Jackson's fans paid tribute to him at his star on the Hollywood Walk of Fame, shortly after the announcement of his death.


The news spread quickly online, causing websites to slow down and crash from user overload. Both TMZ and the Los Angeles Times suffered outages. Google initially believed that the input from millions of people searching for "Michael Jackson" meant that the search engine was under attack. Twitter reported a crash, as did Wikipedia at 3:15 p.m. PDT (6:15 p.m. EST). The Wikimedia Foundation reported nearly a million visitors to Jackson's biography within one hour, probably the most visitors in a one-hour period to any article in Wikipedia's history. AOL Instant Messenger collapsed for 40 minutes. AOL called it a "seminal moment in Internet history," adding, "We've never seen anything like it in terms of scope or depth."

Around 15% of Twitter posts—or 5,000 tweets per minute—reportedly mentioned Jackson after the news broke, compared to the 5% recalled as having mentioned the Iranian elections or the flu pandemic that had made headlines earlier in the year. Overall, web traffic ranged from 11% to at least 20% higher than normal. MTV and Black Entertainment Television (BET) aired marathons of Jackson's music videos. Jackson specials aired on multiple television stations around the world. The British soap opera EastEnders added a last-minute scene, in which one character tells another about the news, to the June 26 episode. Jackson was the topic of every front-page headline in the daily British tabloid The Sun for about two weeks following his death. During the same period, the three major U.S. networks' evening newscasts—ABC's World News, CBS Evening News, and NBC Nightly News—devoted 34 percent of their broadcast time to him. Magazines including TIME published commemorative editions. A scene that had featured Jackson's sister La Toya was cut from the film Brüno out of respect toward Jackson's family.

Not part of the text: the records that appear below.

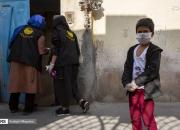 عکس/ توزیع بسته‌های بهداشتی در محله هرندی برای مقابله با کرونا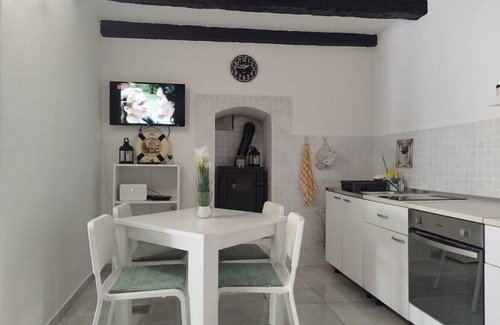 Povile Apartamento | Two Bedroom Apartment Leo Povile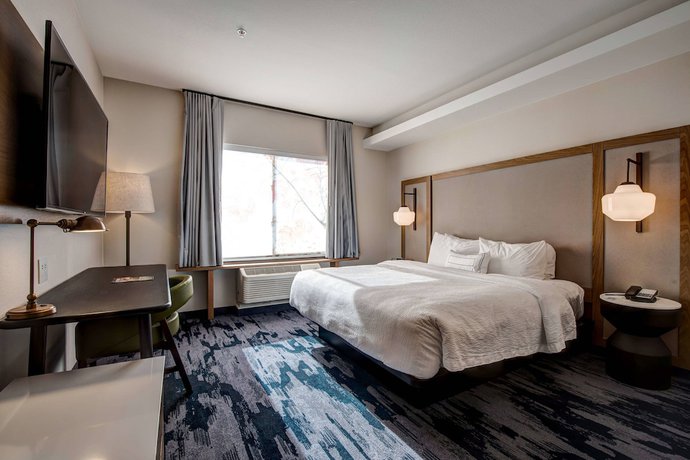 Imagen de la habitación del Hotel Fairfield Inn and Suites by Marriott Minneapolis North. Foto 6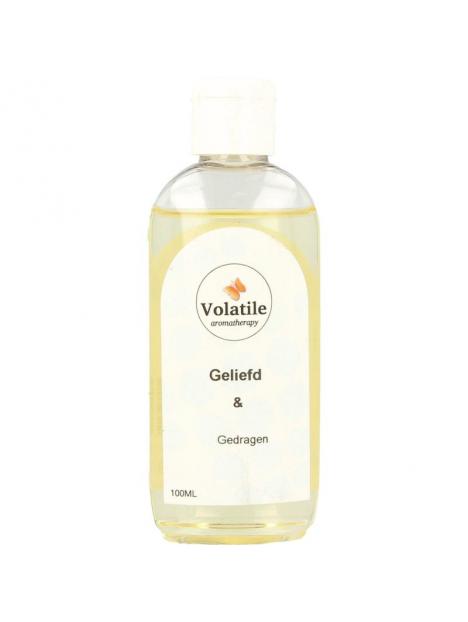 Volatile Massageolie geliefd & gedragen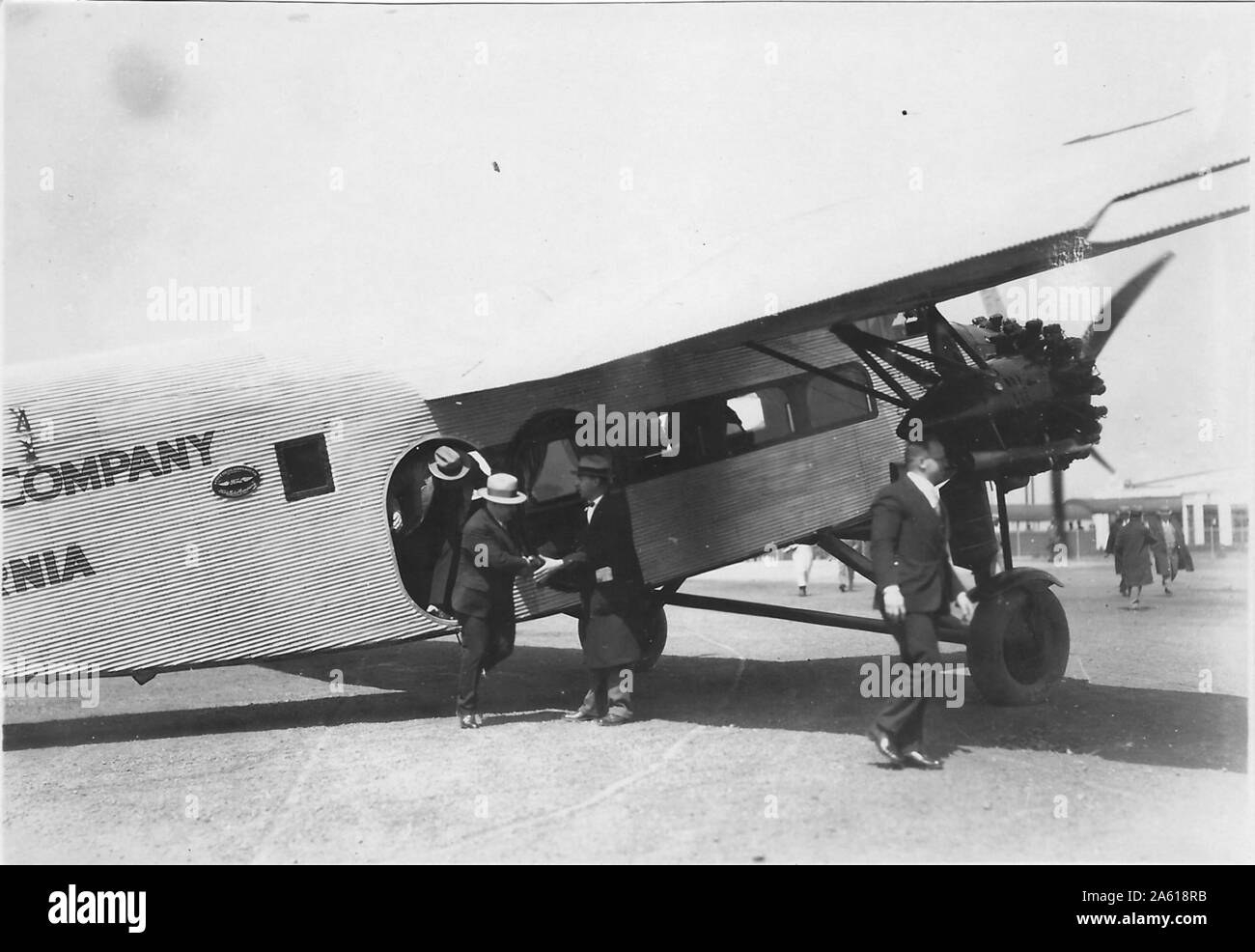 Ford TriMotor avion, marqué comme pétrole standard numéro 1 et utilisé pour promouvoir le pétrole standard des carburants d'aviation de Californie, à Mills Field (maintenant l'aéroport international d'Oakland), Oakland, Californie, 1929. () Banque D'Images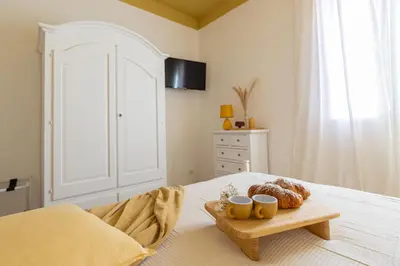 Letto o letti in una camera di Villa MarsaMa, Heated Pool and beach at 150 mt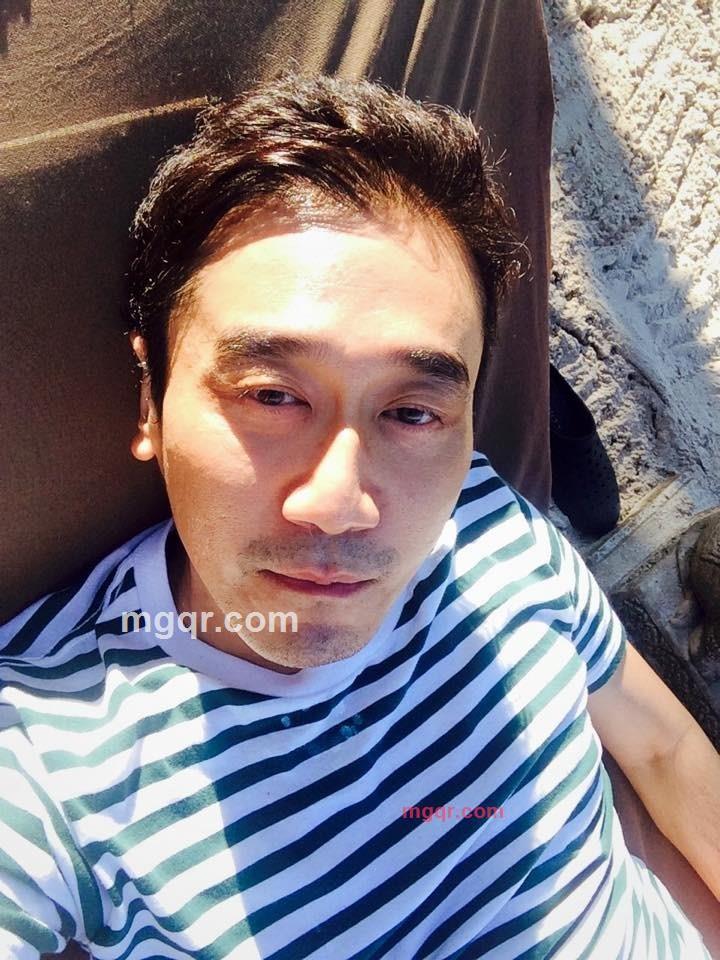 刚好走过的第5张照片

Jackson's memorial was held on July 7, 2009, at the Staples Center in Los Angeles, preceded by a private family service at Forest Lawn Memorial Park's Hall of Liberty. Jackson's casket was present during the memorial but no information was released about the final disposition of the body. While some unofficial reports claimed a worldwide audience as high as one billion people the U.S. audience was estimated by Nielsen to be 31.1 million, an amount comparable to the estimated 35.1 million that watched the 2004 burial of former president Ronald Reagan, and the estimated 33.1 million Americans who watched the 1997 funeral for Princess Diana.


Stevie Wonder, Lionel Richie, Mariah Carey, John Mayer, Jennifer Hudson, Usher, Jermaine Jackson, and Shaheen Jafargholi performed at the event. Berry Gordy and Smokey Robinson gave eulogies, while Queen Latifah read, "We had him," a poem written for the occasion by Maya Angelou. The Reverend Al Sharpton received a standing ovation with cheers when he told Jackson's children, "Wasn't nothing strange about your Daddy. It was strange what your Daddy had to deal with. But he dealt with it anyway." Jackson's 11-year-old daughter, Paris Katherine, cried as she told the crowd, "Ever since I was born, Daddy has been the best father you could ever imagine ... I just wanted to say I love him ... so much."

On August 24 several news outlets quoted anonymous sources as stating that the Los Angeles coroner had decided to treat Jackson's death as a homicide; this was later confirmed by the coroner on August 28. At the time of death, Jackson had been administered propofol, lorazepam and midazolam. Law enforcement officials are currently conducting a manslaughter investigation of his personal physician, Conrad Murray.


Jackson was buried on September 3, 2009, at Forest Lawn Memorial Park in Glendale, California. On February 8, 2010, Jackson's personal physician Conrad Murray was charged with involuntary manslaughter by prosecutors in Los Angeles.